Argentina's laws also allowed children to be entrusted with decisions related to marriage and property. Girls could marry and hold a dowry at the age of 12. Boys could not marry until they turned 14. This is not to say that parents or their children sought marriage contracts at these early ages. By law, girls and boys had to wait until they were 23 and 25 years old, respectively, before they could marry without permission from their parents. After 1810, however, young people were marrying at younger ages and had more input into selecting spouses. This included choosing mates who were closer to their own ages and sometimes outside their familial socio-economic and racial boundaries.

Parents lamented with growing frequency and alarm the rebelliousness of their children and attempted to control their behavior through legal means. Many of these disputes appeared in lawsuits, or disensos, filed by parents asserting their parental rights and obligations in order to guide the behaviors of their children. Sons and daughters also sued their parents, seeking the right to marry freely partners of their own choosing.

While these individual actions played out in the courts, authorities under Rosas dealt harshly with youngsters who violated legal and social conventions. In 1847, Camila O'Gorman, the daughter of a prominent merchant, and Ladislao Gutiérrez, a Catholic priest, caused a huge public scandal when they ran away together. The following year, the couple was captured. Rosas personally ordered their execution for violating the social order. According to the dictator, their actions were a direct attack on his authority and that he wanted to make an example out of them.

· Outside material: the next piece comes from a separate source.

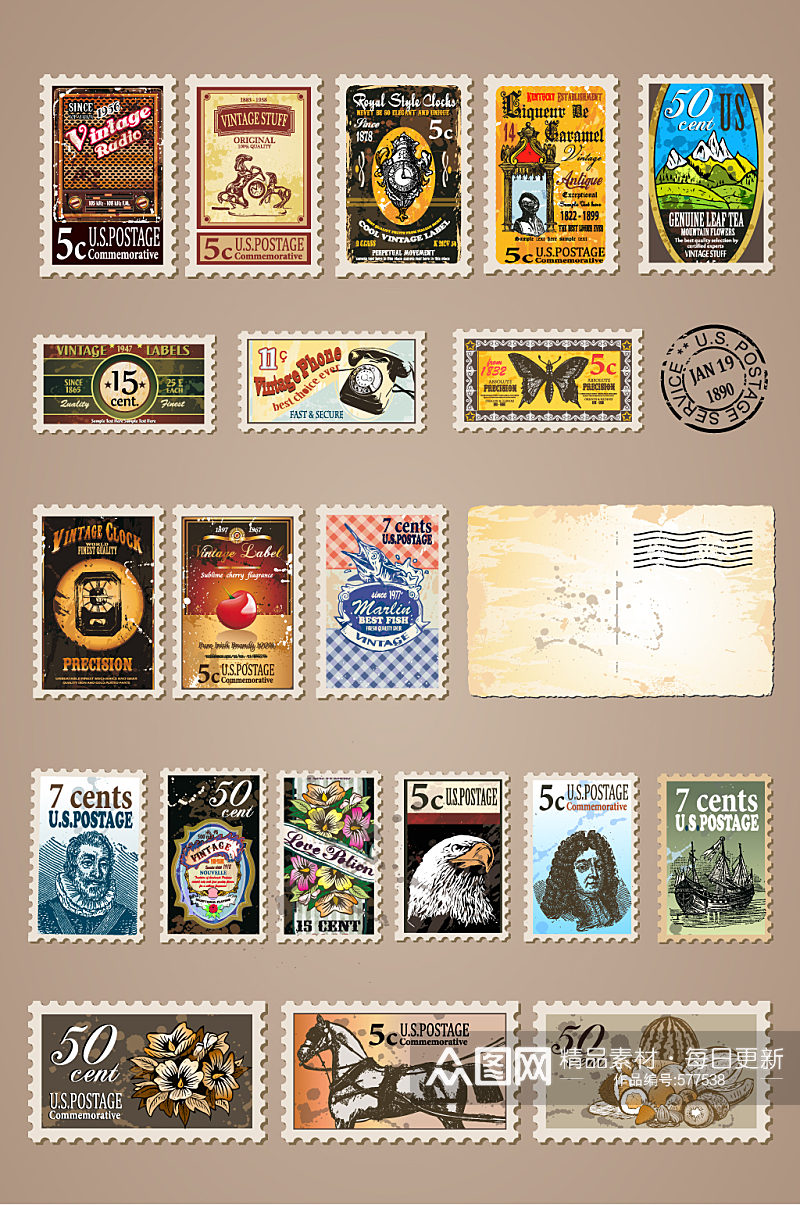 复古欧美邮票矢量元素素材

Camila's story is often seen as an example of the extreme measures the Rosas state took to control the behaviors of Argentina's younger population. Indeed, Rosas wanted to make an example out of the young couple. However, this story of forbidden love is also representative of how young people challenged authority as ideas of republicanism, equality, and individualism swept through the Americas. The execution of the young couple (along with the fact that Camila was eight months pregnant at the time of her death!) undermined support for the Rosas regime. Moreover, Camila's story resonates even today as a reminder of the legacy of authoritarianism in Argentina's history. María Luísa Bemberg wrote and directed the feature film, Camila (1984), as a harsh critique of patriarchy and military rule.